WASHINGTON (Reuters) - President Barack Obama said Thursday that a deal over labor rights had cleared the way to advance a long-delayed trade pact with Colombia, but he was silent on when he would send it to Congress for approval.
“Today I am very pleased to announce that we have developed an action plan for labor rights in Colombia,” Obama told reporters in the White House Oval Office.
“We believe that this serves as a basis for us moving forward on a U.S.-Colombia free-trade agreement,” said Obama, sitting beside Colombian President Juan Manuel Santos.
Colombia has promised to improve protection of labor leaders and organizers targeted by right-wing groups in order to advance a pact stuck in the U.S. Congress for four years.
Obama is under pressure from Republicans to push forward with this deal and trade pacts for South Korea and Panama, but he faces resistance from his own Democrats and members of the U.S. labor movement.
With high U.S. unemployment likely to be a big factor determining his 2012 re-election prospects, Obama has been eager to promote trade as a source of economic growth and has vowed to double U.S. exports in five years.
The president pointedly declined to put any timeline for when he would send the pact to Congress for approval.
“There is obviously a lot of work to do to translate this action plan into reality and we are going to continue to engage with President Santos and his administration in an active process to ensure good working conditions to make sure that trade unionists are protected,” Obama said.
Deputy Trade Representative Miriam Sapiro and Colombian Ambassador Gabriel Silva Thursday initialed the Colombian Action Plan Related to Labor Rights, U.S. trade officials said.
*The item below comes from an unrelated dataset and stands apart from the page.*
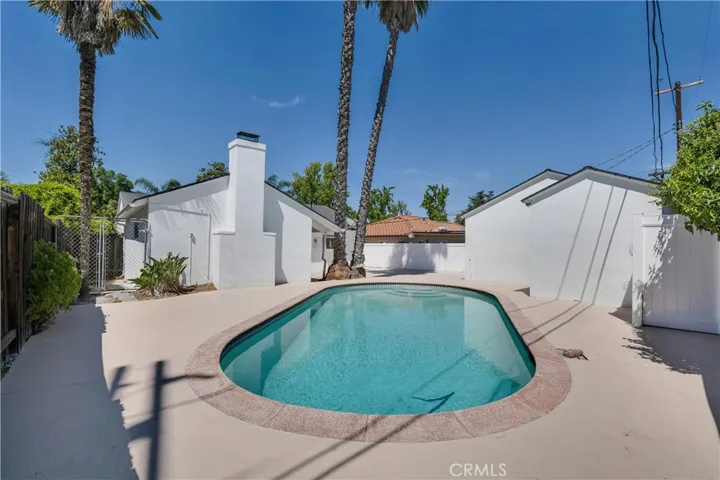 18234 Sugarman Street, Tarzana, California 91356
The Colombia’s Ministry of Social Protection is required to take a number of steps by April 22, including issuing a hiring decree for 100 new labor inspector. The plan calls for 480 new labor inspectors to be hired over four years.
The two countries signed the trade pact in November 2006, when Alvaro Uribe was president of Colombia and George W. Bush was president of the United States.
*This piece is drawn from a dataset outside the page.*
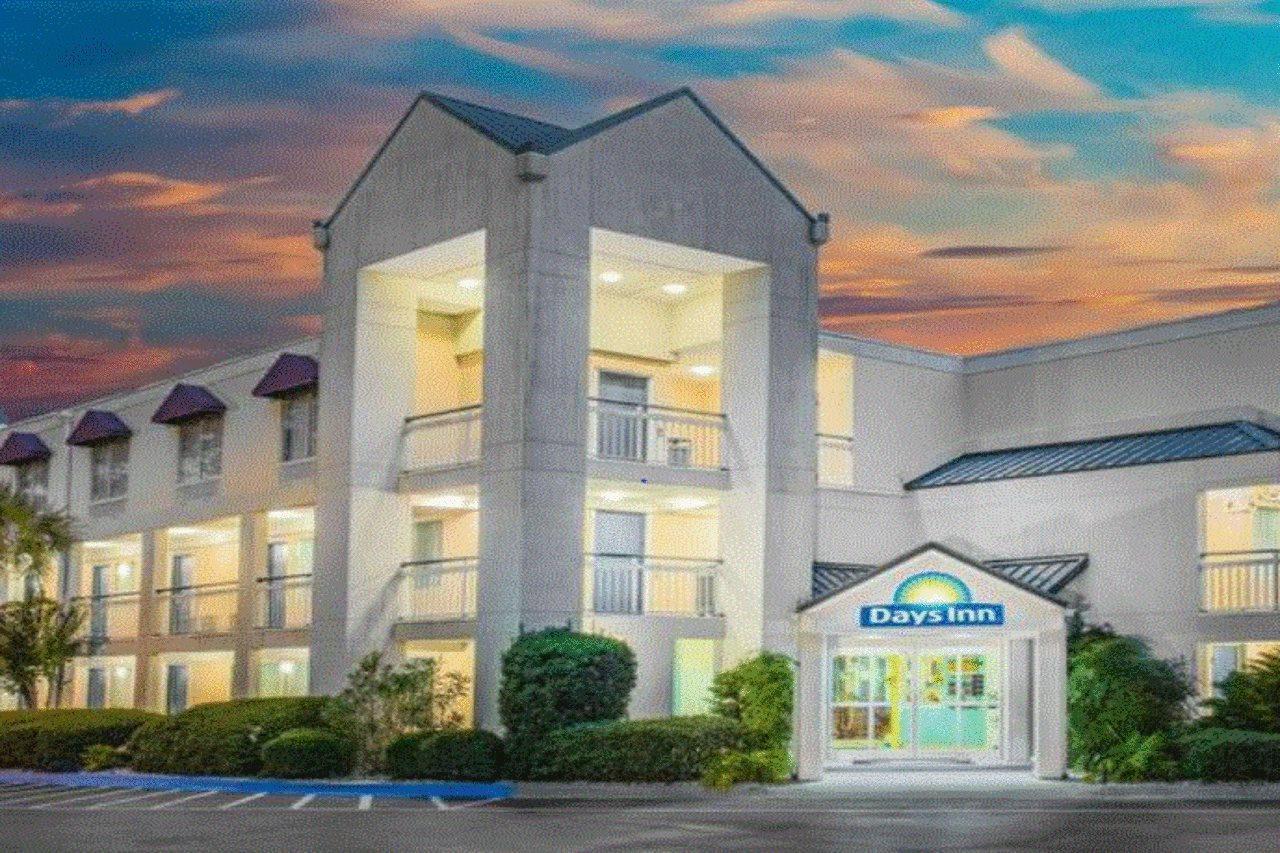 Hotel Carolina A Days Inn By Wyndham Hilton Head Island Bagian luar foto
Bush was unable to persuade a Democrat-controlled Congress to approve the agreement because of fierce opposition from the 12.2-million member AFL-CIO labor federation.
However, prospects for the pact have improved since Republicans recaptured control of the House in last November’s election. They have been pressing Obama to send the agreement, and two other trade deals with South Korea and Panama, to Congress for a vote by July 1.
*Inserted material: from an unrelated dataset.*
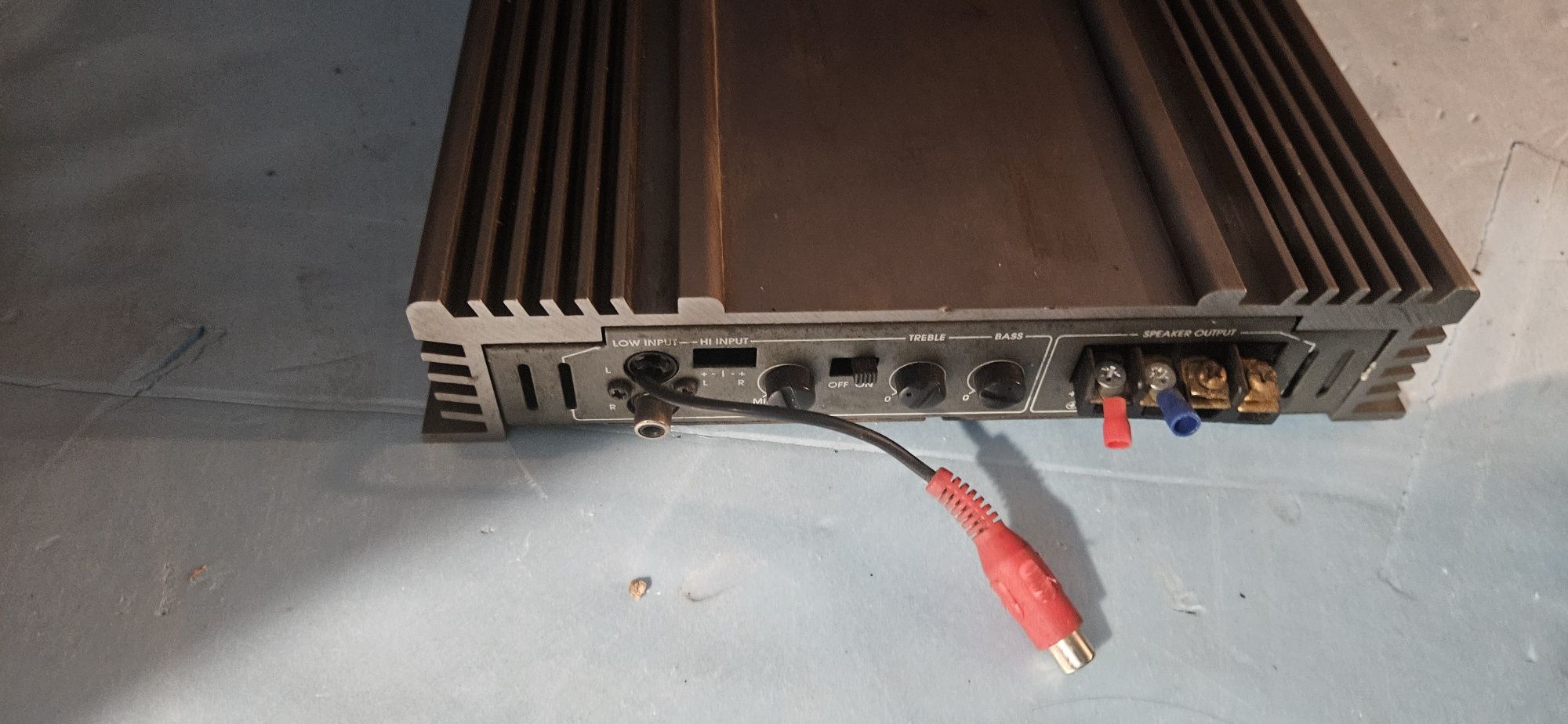 Amplificador Tornado 300w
Obama, after fighting business on a number of issues during his first two years in office, also has moved toward the center on the free-trade agreements, which he opposed when running for president in 2008.
“This is going to be a win for Colombia. It is also going to be a win for the United States. This represents a potential $1 billion of exports and it could mean thousands of jobs for workers here in the United States,” Obama said.